■ **Work to be completed**
Scan the data beneath this task and copy each line that includes "Nissan".
┄┄┄┄┄┄
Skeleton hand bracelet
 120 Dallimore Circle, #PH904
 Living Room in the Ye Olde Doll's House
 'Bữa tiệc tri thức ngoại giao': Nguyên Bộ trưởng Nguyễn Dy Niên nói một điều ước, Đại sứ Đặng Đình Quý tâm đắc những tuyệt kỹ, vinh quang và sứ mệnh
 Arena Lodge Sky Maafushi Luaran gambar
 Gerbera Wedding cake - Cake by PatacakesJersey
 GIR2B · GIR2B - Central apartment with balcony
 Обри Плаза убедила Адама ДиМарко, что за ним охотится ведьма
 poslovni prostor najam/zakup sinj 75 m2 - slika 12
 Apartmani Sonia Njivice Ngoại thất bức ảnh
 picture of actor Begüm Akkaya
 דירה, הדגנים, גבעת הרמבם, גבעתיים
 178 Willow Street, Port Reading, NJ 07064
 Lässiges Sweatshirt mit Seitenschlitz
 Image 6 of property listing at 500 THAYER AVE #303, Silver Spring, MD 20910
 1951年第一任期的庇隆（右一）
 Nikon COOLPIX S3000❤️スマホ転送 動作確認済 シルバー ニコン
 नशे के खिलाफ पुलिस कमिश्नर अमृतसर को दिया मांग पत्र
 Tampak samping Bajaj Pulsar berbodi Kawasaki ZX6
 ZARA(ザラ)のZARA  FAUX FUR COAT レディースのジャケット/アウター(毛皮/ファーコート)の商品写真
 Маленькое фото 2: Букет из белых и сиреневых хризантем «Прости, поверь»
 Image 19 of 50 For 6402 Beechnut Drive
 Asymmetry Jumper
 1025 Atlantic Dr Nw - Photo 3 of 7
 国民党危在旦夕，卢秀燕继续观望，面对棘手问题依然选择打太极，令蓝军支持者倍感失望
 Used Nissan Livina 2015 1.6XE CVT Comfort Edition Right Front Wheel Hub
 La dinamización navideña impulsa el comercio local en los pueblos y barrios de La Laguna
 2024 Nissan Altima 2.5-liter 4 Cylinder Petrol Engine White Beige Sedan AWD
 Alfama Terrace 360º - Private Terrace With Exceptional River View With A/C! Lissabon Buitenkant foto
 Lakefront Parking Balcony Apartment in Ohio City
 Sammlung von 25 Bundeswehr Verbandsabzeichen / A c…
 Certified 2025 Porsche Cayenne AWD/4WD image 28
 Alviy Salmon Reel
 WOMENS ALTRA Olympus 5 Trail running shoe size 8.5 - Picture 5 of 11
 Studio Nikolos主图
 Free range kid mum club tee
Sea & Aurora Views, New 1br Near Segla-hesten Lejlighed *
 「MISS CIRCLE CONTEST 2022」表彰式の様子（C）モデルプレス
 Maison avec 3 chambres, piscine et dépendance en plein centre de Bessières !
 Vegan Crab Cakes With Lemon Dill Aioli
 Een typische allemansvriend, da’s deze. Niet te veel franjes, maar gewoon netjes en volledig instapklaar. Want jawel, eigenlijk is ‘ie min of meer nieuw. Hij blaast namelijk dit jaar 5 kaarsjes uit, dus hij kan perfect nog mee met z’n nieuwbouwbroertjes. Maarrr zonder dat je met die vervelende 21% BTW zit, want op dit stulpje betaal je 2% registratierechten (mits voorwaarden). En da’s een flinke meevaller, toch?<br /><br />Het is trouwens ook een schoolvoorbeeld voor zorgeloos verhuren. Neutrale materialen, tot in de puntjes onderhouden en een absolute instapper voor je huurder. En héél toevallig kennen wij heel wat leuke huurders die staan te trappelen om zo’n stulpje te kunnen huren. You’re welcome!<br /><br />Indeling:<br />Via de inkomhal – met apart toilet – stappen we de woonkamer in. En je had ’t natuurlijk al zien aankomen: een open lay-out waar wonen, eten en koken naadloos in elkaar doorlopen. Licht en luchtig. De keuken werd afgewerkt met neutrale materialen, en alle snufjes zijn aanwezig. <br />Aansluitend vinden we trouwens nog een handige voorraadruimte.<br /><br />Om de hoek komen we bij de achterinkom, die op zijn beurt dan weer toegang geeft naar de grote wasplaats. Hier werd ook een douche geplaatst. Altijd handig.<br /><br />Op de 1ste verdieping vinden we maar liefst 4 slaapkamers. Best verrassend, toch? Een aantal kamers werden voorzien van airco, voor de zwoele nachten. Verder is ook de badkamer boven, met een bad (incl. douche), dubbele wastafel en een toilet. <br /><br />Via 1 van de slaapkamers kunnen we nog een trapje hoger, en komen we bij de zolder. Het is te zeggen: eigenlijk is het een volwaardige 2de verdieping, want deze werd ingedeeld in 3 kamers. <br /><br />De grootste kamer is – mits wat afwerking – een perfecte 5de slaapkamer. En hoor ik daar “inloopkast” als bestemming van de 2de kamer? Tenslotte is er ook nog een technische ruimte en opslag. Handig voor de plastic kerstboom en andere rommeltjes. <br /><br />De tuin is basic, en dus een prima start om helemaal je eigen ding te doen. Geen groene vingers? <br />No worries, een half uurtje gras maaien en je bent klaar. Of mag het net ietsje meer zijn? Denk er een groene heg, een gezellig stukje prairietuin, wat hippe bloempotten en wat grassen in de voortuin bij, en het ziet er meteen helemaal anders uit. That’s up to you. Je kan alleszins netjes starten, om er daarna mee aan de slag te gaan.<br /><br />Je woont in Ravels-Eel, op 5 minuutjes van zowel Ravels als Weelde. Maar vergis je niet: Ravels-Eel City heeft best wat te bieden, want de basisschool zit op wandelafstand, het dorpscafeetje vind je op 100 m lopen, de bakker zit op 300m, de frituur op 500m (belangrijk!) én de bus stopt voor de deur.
┄┄┄┄┄┄
■ **Written reply**
 Used Nissan Livina 2015 1.6XE CVT Comfort Edition Right Front Wheel Hub
 2024 Nissan Altima 2.5-liter 4 Cylinder Petrol Engine White Beige Sedan AWD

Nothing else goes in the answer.